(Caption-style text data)
•••••
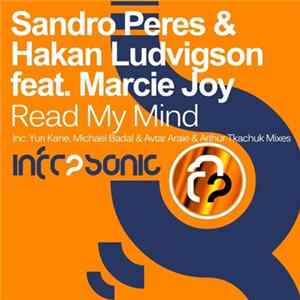 Download Sandro Peres & Hakan Ludvigson Feat. Marcie Joy - Read My Mind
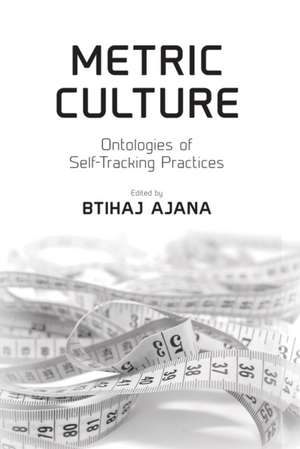 Metric Culture – Ontologies of Self–Tracking Practices de Btihaj Ajana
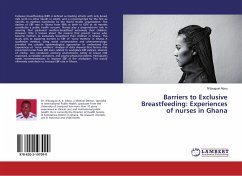 Barriers to Exclusive Breastfeeding: Experiences of nurses in Ghana - Abou, N'Dauguie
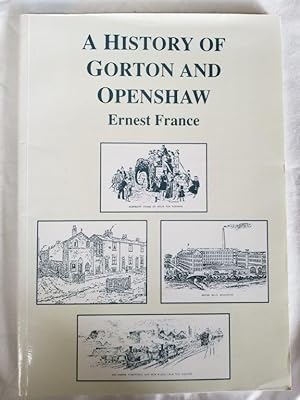 A History of Gorton and Openshaw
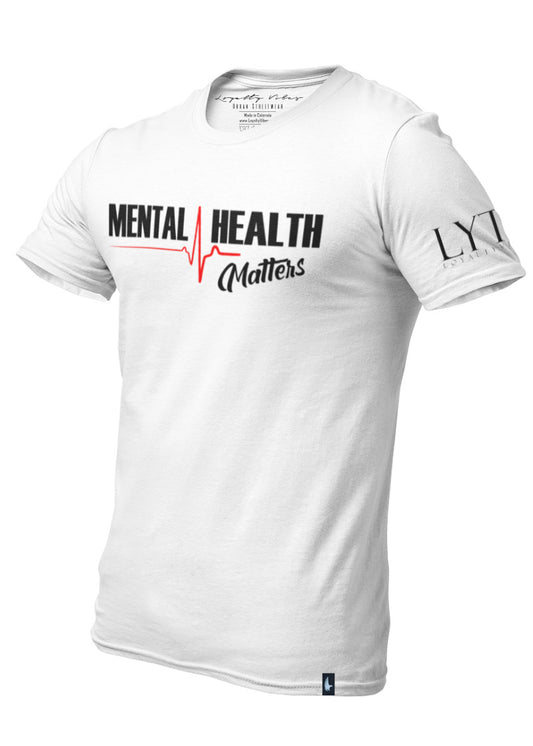 Loyalty Vibes Mental Health Matters Graphic T-Shirt White Loyalty Vibes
•••••
#### ASSIGNED TASK:
Your job is to transcribe the entries above exactly; skip the pictures.

#### RESPONSE BOX:
 Download Sandro Peres & Hakan Ludvigson Feat. Marcie Joy - Read My Mind
 Metric Culture – Ontologies of Self–Tracking Practices de Btihaj Ajana
 Barriers to Exclusive Breastfeeding: Experiences of nurses in Ghana - Abou, N'Dauguie
 A History of Gorton and Openshaw
 Loyalty Vibes Mental Health Matters Graphic T-Shirt White Loyalty Vibes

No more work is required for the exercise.